Via doorvergiftiging in de voedselketen kunnen chemische stoffen soms een groter risico vormen voor de ecologie dan door het directe effect op organismen. Momenteel hebben overheden geen standaard werkwijze om doorvergiftigingsrisico’s van bodemverontreiniging op lokaal niveau te beoordelen. Dit blijkt uit een rapport van het RIVM.

Bij een bodemverontreiniging kunnen bepaalde schadelijke stoffen ‘doorwerken’ in de voedselketen. De effecten van de verontreiniging op organismen kunnen groter worden naarmate het organisme hoger in de voedselketen staat. Zo kan een stof in de bodem worden opgenomen in een worm, die vervolgens wordt opgegeten door een mol, die op zijn beurt gegeten wordt door een roofvogel.

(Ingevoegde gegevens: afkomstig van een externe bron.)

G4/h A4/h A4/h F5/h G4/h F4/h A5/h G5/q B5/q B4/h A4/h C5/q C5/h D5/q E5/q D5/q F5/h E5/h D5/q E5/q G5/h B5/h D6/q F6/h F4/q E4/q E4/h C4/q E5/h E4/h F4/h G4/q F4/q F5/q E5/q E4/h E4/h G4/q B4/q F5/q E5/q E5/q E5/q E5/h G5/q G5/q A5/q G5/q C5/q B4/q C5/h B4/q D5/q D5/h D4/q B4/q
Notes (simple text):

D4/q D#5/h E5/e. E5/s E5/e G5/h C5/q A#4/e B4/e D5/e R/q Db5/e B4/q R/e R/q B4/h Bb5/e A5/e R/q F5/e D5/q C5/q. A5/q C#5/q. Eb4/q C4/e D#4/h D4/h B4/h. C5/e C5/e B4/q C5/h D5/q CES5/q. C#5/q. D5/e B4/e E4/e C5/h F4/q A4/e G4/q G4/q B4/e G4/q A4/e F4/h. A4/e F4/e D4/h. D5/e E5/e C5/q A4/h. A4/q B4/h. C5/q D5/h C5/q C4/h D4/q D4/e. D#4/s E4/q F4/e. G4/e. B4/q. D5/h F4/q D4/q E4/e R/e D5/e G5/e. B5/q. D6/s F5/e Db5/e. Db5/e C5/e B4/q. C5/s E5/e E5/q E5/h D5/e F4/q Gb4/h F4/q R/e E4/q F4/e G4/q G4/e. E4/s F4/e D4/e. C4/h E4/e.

Hoewel de roofvogel in dit voorbeeld beperkt of niet direct in contact komt met de bodemverontreiniging op locaties, kan deze via zijn voedsel dus wel gevolgen ondervinden van de verontreiniging.

Zinvol en kosteneffectief

Uit het RIVM-rapport blijkt dat het bij kleine locaties niet mogelijk is om de bevindingen van het veldonderzoek te vertalen naar een realistisch doorvergiftigingsscenario. Voor grote locaties met kwetsbare voedselketens kan het zinvol en kosteneffectief zijn om via onderzoek in het veld doorvergiftigingsrisico’s vast te stellen en indien nodig beheersmaatregelen te nemen om blootstelling hoger in de voedselketen te beperken. Voorbeelden van deze grote locaties zijn weilanden, waar verhoogde concentraties dioxines aanwezig zijn, en uiterwaarden waar cadmium aanwezig is.